Mixture of Experts and Sparse attention make virtually unlimited contexts possible. It allows the RAG AI Agent to devour entire codebases and documents without contextual limitations.
📌 The Challenge of Long Context Attention
Transformers still face a heavy computational burden when sequences become very large. The default attention model places each token Comparison with all other tokens results in a quadratic increase in computational cost. This overhead becomes a problem when reading entire code bases, multi-chapter documents, or large amounts of legal text.
📌 MoBA
MoBA (Mixture of Block Attention) applies the Mixture of Experts concept to the attention mechanism. The model divides the input sequence into blocks, and then a trainable gating function calculates the correlation score between each query token and each block. Only the highest scoring blocks are used for attention computation, thus avoiding paying attention to each token in the complete sequence.
Blocks are defined by splitting the sequence into equal spans. Each query token looks at the aggregated representation of the keys in each block (e.g., using mean pooling) and then ranks their importance, selecting a few blocks for detailed attention computation. The block containing the query is always selected. Causal masking ensures that tokens do not see future information, maintaining a left-to-right generation order.

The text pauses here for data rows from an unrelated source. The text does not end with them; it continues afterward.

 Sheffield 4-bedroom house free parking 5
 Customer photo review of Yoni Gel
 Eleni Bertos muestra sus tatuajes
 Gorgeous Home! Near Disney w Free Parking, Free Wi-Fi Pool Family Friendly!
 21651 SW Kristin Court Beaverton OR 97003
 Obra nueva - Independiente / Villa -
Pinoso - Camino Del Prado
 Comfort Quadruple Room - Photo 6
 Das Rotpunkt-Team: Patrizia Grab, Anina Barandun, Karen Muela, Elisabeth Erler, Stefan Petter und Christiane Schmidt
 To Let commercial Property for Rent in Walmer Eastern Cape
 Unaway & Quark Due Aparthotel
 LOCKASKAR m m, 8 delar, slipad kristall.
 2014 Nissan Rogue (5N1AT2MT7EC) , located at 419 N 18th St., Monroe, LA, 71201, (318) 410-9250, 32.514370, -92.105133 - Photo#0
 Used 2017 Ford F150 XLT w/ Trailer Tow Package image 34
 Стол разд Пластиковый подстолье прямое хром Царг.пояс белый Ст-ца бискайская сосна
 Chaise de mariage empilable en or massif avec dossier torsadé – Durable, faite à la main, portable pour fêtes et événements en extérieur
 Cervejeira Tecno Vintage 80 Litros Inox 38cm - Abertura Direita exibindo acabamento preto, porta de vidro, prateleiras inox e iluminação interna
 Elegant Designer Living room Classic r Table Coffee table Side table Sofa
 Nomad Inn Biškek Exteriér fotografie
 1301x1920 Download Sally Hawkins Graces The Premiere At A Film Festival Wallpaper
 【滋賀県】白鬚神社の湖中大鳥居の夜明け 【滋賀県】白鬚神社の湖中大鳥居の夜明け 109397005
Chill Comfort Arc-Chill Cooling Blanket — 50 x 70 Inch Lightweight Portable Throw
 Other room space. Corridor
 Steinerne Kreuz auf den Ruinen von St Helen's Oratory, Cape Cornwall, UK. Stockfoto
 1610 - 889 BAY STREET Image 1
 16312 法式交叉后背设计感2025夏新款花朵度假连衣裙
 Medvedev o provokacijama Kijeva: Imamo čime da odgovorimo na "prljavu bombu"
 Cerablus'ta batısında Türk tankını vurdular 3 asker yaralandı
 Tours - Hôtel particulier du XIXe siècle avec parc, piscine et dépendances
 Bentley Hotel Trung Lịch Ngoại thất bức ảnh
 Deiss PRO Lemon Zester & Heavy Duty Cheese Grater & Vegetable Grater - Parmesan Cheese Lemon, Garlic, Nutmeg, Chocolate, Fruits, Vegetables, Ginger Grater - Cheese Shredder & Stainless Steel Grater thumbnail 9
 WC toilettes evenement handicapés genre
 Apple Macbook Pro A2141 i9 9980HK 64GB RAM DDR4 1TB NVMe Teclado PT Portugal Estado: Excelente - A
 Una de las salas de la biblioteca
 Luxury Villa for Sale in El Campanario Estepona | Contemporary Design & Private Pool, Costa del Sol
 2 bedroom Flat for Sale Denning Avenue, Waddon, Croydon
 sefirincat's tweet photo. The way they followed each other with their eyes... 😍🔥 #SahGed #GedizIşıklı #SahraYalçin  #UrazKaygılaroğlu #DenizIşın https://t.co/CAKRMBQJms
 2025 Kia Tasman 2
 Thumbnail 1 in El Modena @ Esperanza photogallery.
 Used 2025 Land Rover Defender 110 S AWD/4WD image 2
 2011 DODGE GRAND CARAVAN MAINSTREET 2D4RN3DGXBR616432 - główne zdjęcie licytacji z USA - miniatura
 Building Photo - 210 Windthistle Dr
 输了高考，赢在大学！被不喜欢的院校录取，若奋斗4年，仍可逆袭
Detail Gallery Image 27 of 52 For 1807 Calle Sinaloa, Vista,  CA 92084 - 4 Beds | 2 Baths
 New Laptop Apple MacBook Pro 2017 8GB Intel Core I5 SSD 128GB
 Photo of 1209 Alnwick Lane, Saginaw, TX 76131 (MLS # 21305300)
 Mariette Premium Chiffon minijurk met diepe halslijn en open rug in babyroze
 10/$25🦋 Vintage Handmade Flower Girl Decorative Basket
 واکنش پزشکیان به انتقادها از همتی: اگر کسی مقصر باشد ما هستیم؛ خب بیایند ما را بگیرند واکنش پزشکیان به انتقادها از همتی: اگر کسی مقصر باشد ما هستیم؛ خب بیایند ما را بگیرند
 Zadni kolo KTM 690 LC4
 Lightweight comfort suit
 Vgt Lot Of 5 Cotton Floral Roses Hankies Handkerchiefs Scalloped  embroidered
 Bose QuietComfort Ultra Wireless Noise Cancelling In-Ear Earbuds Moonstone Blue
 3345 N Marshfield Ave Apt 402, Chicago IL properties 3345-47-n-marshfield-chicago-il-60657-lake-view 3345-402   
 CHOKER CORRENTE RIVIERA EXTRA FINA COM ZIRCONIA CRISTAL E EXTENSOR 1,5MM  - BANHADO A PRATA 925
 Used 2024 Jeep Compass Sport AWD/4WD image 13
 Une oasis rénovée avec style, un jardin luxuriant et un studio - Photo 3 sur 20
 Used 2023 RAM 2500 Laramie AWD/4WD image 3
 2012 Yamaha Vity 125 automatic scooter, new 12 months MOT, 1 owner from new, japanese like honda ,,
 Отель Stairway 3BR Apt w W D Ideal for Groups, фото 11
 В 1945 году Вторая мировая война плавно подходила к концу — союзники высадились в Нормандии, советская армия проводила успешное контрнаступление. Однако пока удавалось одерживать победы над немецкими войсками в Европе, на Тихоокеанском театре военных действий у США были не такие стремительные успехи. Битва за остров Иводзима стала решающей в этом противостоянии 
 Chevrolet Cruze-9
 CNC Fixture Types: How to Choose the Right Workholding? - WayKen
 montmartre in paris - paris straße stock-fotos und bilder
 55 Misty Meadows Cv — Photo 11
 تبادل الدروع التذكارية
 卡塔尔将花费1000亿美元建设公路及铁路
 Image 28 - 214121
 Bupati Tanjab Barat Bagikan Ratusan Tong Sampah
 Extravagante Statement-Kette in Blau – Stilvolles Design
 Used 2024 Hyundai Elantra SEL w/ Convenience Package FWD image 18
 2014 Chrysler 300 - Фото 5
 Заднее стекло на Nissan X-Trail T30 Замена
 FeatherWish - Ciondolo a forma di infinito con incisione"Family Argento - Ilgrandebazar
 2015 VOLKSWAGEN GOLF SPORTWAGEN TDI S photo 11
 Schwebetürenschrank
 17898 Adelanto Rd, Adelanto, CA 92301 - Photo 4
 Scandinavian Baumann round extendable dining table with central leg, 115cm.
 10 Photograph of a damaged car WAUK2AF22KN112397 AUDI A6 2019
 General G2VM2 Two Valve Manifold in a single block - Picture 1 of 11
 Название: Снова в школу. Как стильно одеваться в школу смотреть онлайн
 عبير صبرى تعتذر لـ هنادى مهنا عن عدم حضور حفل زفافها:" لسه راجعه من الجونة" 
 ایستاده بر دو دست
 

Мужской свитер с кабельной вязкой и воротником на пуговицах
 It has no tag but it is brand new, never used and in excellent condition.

📌 Seamless switching between sparse and full attention
MoBA replaces the standard attention mechanism, but does not change the number of parameters. It is similar to the standard Transformer The interfaces are compatible so that sparse and full attention can be switched between different layers or training phases. Some layers may reserve full attention for specific tasks (e.g., supervised fine-tuning), while most layers use MoBA to reduce computational cost.
📌 This applies to larger Transformer stacks, by replacing standard attention calls. The gating mechanism ensures that each query only focuses on a small number of blocks. Causality is handled by filtering out future blocks and applying a local mask within the current block of the query.
📌 The following figure shows that the query is routed to only a few "expert" blocks of keys/values, not to the entire sequence. The gating mechanism assigns each query to the most relevant block, thus reducing the complexity of the attention computation from quadratic to subquadratic.
📌 The gating mechanism computes a correlation score between each query and the cohesive representation of each block. It then selects the top k highest scoring blocks for each query, regardless of how far back in the sequence they are.
Since each query only processes a few blocks, the computation is still subquadratic, but the model can still jump to tokens far away from the current block if the gating score shows a high correlation.
PyTorch Implementation
This pseudo-code divides the keys and values into blocks, computes the mean pooled representation of each block, and computes the gating score (S) by multiplying the query (Q) with the pooled representation.
📌 It then applies causal masks to ensure that queries cannot focus on future blocks, uses the top-k operator to select the most relevant blocks for each query, and organizes the data for efficient attention computation.
📌 FlashAttention were applied to the self-attentive block (current position) and the MoBA-selected block, respectively, and finally the outputs were merged using online softmax.
📌 The end result is a sparse attention mechanism that preserves causal structure and captures long-range dependencies while avoiding the full quadratic computational cost of standard attention.
This code combines mixture-of-experts logic with sparse attention so that each query focuses on only a few blocks.
The gating mechanism scores each block and query and selects the top k "experts", thus reducing the number of key/value comparisons.
This keeps the computational overhead of attention at a subquadratic level, allowing extremely long inputs to be processed without increasing the computational or memory burden.
At the same time, the gating mechanism ensures that the query can still focus on distant tokens when necessary, thus preserving the Transformer's ability to process the global context.
This block- and gating-based strategy is exactly how MoBA implements near-infinite contexts in LLM.
Experimental Observations
Models using MoBA are nearly equivalent to full attention in terms of language modeling loss and downstream task performance. The results are consistent even at context lengths of hundreds of thousands or millions of tokens. Experiments evaluated with "tail tokens" confirm that important long-distance dependencies are still captured when queries identify relevant chunks.
Scalability tests show that its cost curve is subquadratic. The researchers report speedups of up to six times at one million tokens and greater gains outside that range.
MoBA maintains memory-friendliness by avoiding the use of full attention matrices and utilizing standard GPU kernels for block-based computation.
Final Observations
MoBA reduces the attention overhead by a simple idea: let the query learn which blocks are important and ignore all others.
It preserves the standard softmax-based attention interface and avoids enforcing a rigid local model. Many large language models can integrate this mechanism in a plug-and-play fashion.
This makes MoBA very attractive for workloads that need to deal with extremely long contexts, such as scanning an entire codebase or summarizing huge documents, without having to make major changes to the pre-training weights or consuming a lot of retraining overhead.